Every Singapore trader who ever traded Forex or any other financial market knows that feeling of panic when the market goes against your trade and you are losing money. Unfortunately it is impossible to avoid losses and even professional traders loose, the point is to loose less and gain more.
Let’s look at few simple trading methods that will help you limit your losses and increase your profits:
1. Stop-loss order. It is established upon the opening of a trading position to control the losses. A stop order is usually set up at the level of support if you open a buy position or at the level of resistance for a sale trading position. Such strategy of using the stop loss order will help you effectively control your losses in case if the market changes its direction and goes against your trade.
2. Trading without stop-loss orders. In this case, you keep an open position without a stop-loss order. Using this strategy, a Forex trader must possess an outstanding patience, and even accept the fact that due to the highly activity of the market you may end up on the wrong side.

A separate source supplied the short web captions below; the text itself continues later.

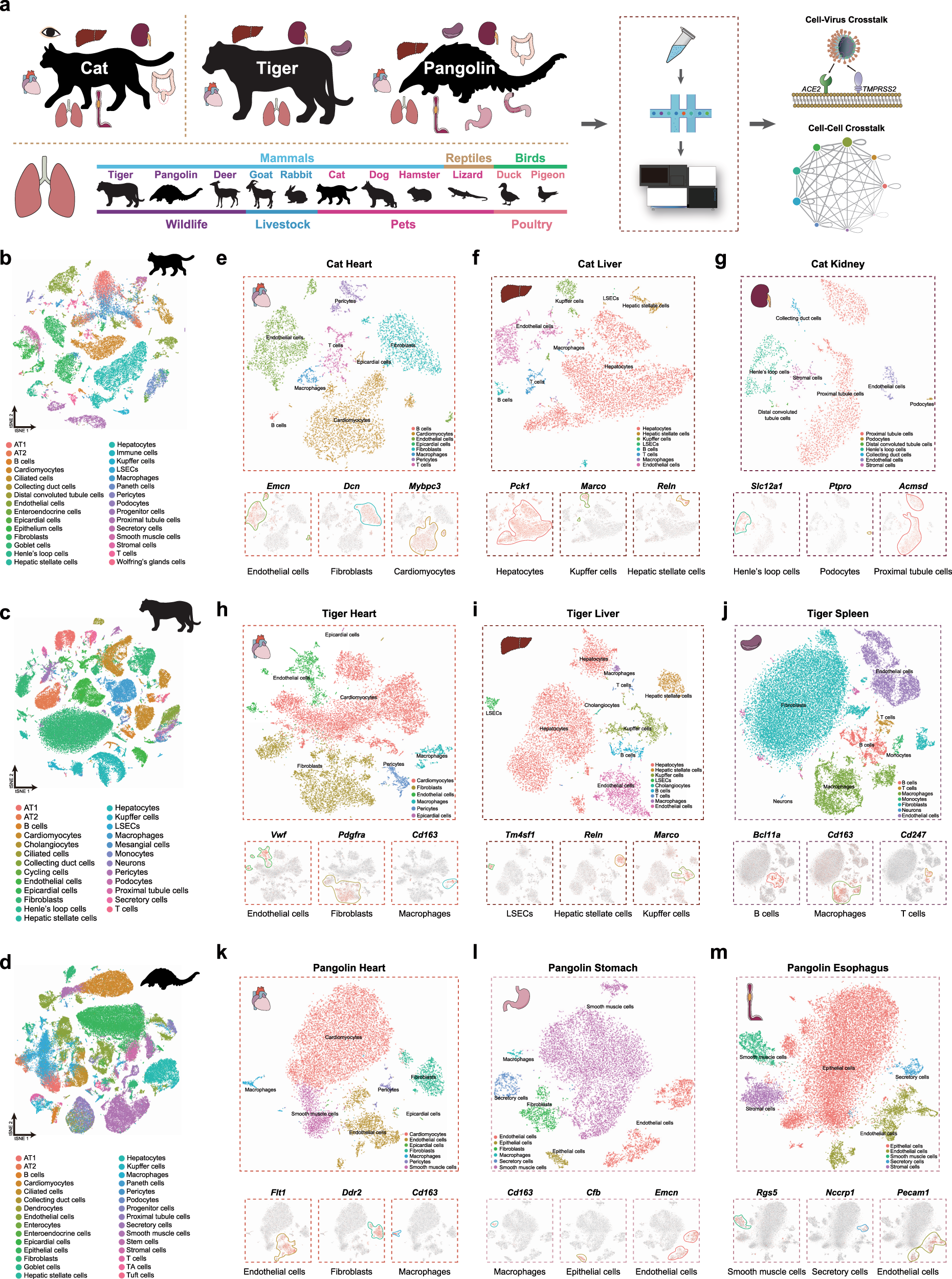 Single cell atlas for 11 non-model mammals, reptiles and birds | Nature Communications Single cell atlas for 11 non-model mammals, reptiles and birds | Nature Communications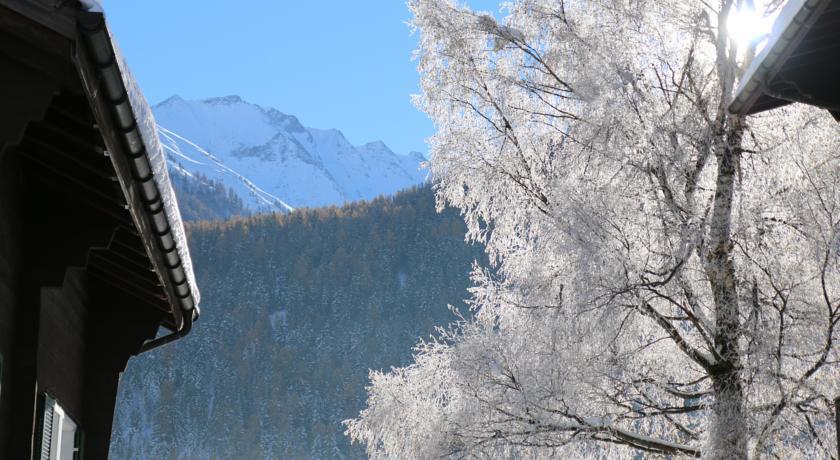 Отель Hotel Blinnenhorn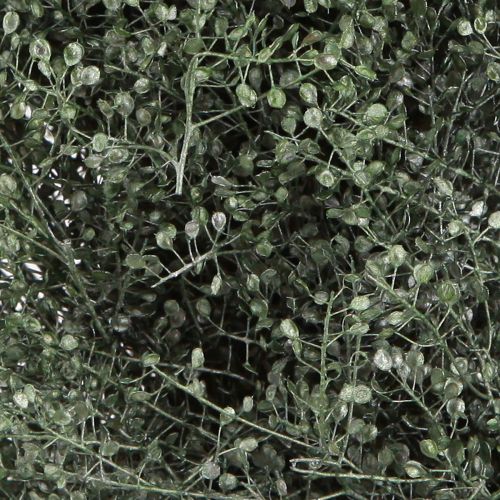 Artikel Droogbloemenkrans groen metallic lepidium decoratie Ø33cm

Instead you get a long time scale fluctuations of the currency pairs in the dominant direction of the trend movement. Be careful with this method, as it is very risky and you have to keep your eye on your trade all the time if it runs without a stop-loss order. This strategy is mostly used by the experienced traders. Beginners are recommended to trade with a stop-loss order in every trading position.
3. Hedging positions. This risk management strategy can be described as “the simultaneous buying and selling.” Most of the Forex Singapore brokers provide an opportunity to open two trading positions in different directions for the same currency pair. According to this strategy, once the market goes one direction you close the position to the opposite direction and continue trading with the trend. This method is great to use when the market is not certain.